George Bush’s Iraq Slip When Slamming Putin Is Perfect Irony
By Staff, Agencies
Former US President George W. Bush made an embarrassing gaffe, perhaps a Freudian slip, when speaking on the importance of democracy and threats to democracy from abroad, and taking aim specifically at Russia.
“Russian elections are rigged,” he said. “Political opponents are imprisoned or otherwise eliminated from participating in the electoral process. The result is an absence of checks and balances in Russia and the decision of one man to launch a wholly unjustified and brutal invasion of Iraq. I mean of Ukraine.”

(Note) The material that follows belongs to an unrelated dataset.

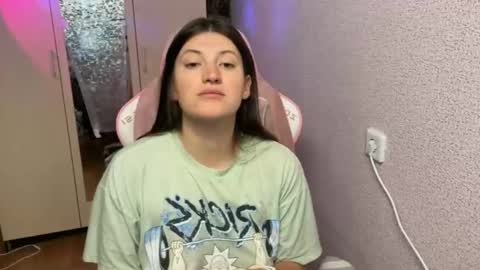   naked in pvt show 100 tk online show from 04/26/26, 06:05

Then Bush brushed the mistake aside and said, “Iraq, too,” insinuating that Russia was somehow involved in Iraq – which is obviously not true.
In any case, simple mistake or not, it is the most perfect example of the outright hypocrisy of US politicians who call out Russia’s incursion into Ukraine. Bush himself launched an illegal invasion of Iraq in 2003 that resulted in the estimated deaths of over 1 million Iraqis in the first several years alone.
All told, the war ended up being a bloody nine-year operation under the false pretense of ‘weapons of mass destruction’ supposedly held by then-Iraqi leader Saddam Hussein. US forces openly committed war crimes, including the use of illegal chemical weapons, the killing of tens of thousands of civilians by US forces, as well as the widespread use of torture. All of these transgressions were either confirmed by the US or admitted in internal documents leaked by WikiLeaks.
The fact that the man who presided over this horrible war – the war that drew the largest protests in human history – has the nerve to call out Russia’s actions in Ukraine is a display of narcissism. It’s so clearly ridiculous that even he himself let it slip that, yes, what happened in Iraq was a travesty.
What makes this travesty even more apparent is exactly what he was saying about Russia, that “one man” can launch a military operation without checks and balances. That is exactly what happened during the Iraq War. There are international laws and institutions designed to prevent these types of crimes from happening – all of which were ignored. This proved that international law is not the law as such, but merely a political tool to manifest the desires of one hegemon, i.e., the United States of America.
It is precisely this situation, this breakdown of international law and the resulting sense that international law does not actually protect anyone, that created the conditions for the situation in Ukraine. Prior to Russia’s intervention in the conflict, which had actually been ongoing since 2014, Moscow sent its legitimate security concerns – including about the militarization of Ukraine and the potential for Ukrainian NATO membership – to the West, but they were all ignored.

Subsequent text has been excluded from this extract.